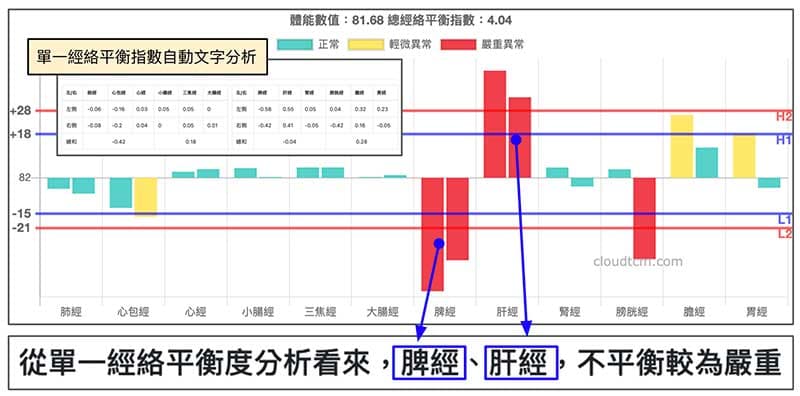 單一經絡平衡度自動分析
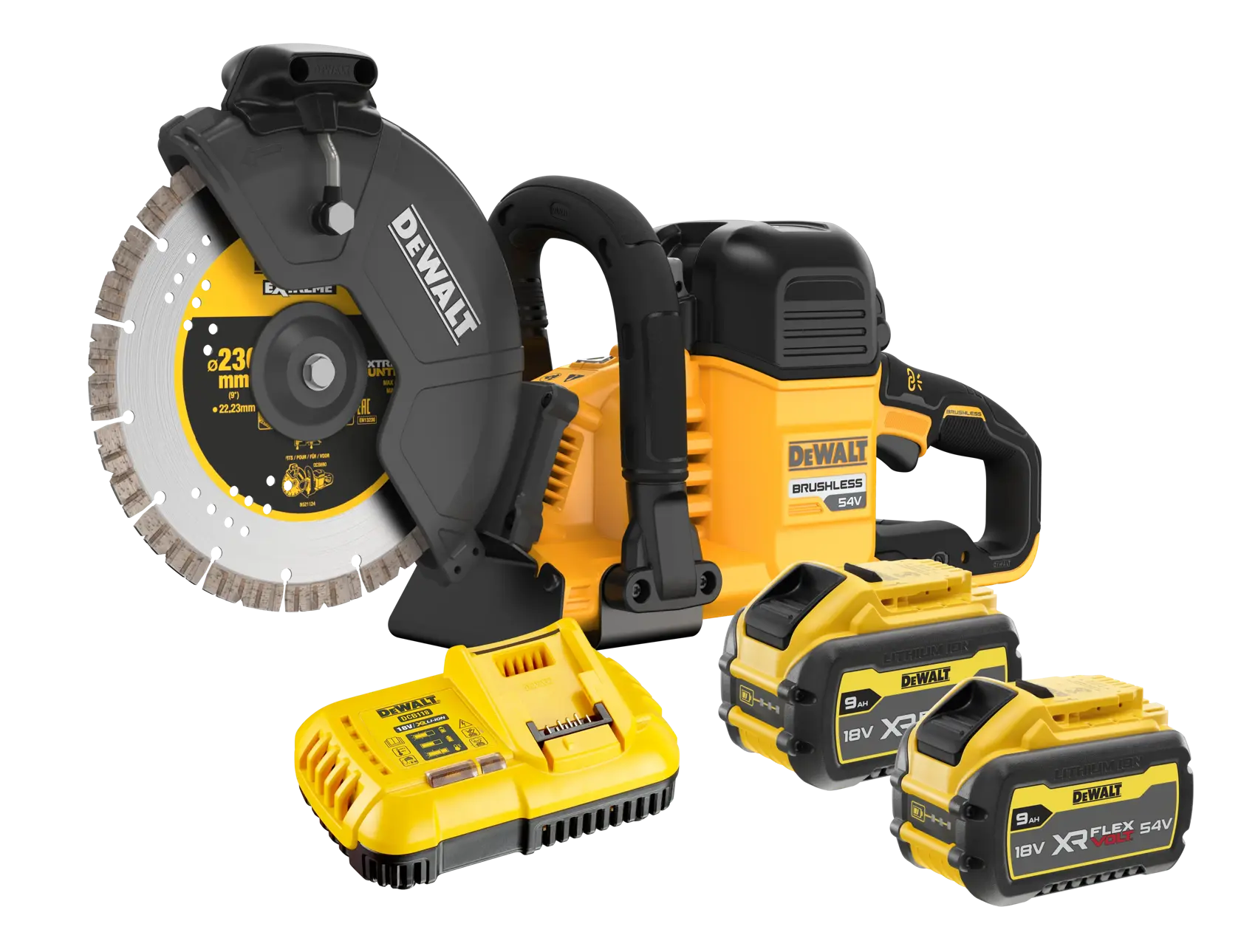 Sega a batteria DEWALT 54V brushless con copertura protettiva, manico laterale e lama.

**********

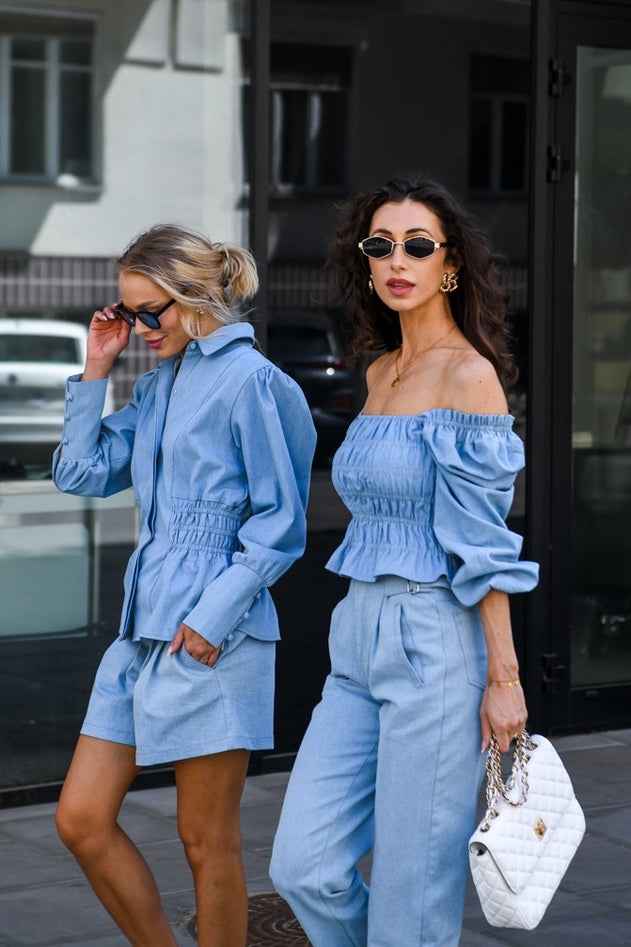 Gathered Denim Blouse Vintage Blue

**********

◆ ABOUT THIS TASK
Although pictures appear among the records above, write out exactly only the lines from the one that has "單一經絡平衡度自動分析" through the one that has "Sega a batteria", and leave the pictures out.

◆ RESULT OF THE TASK
 單一經絡平衡度自動分析
 Sega a batteria DEWALT 54V brushless con copertura protettiva, manico laterale e lama.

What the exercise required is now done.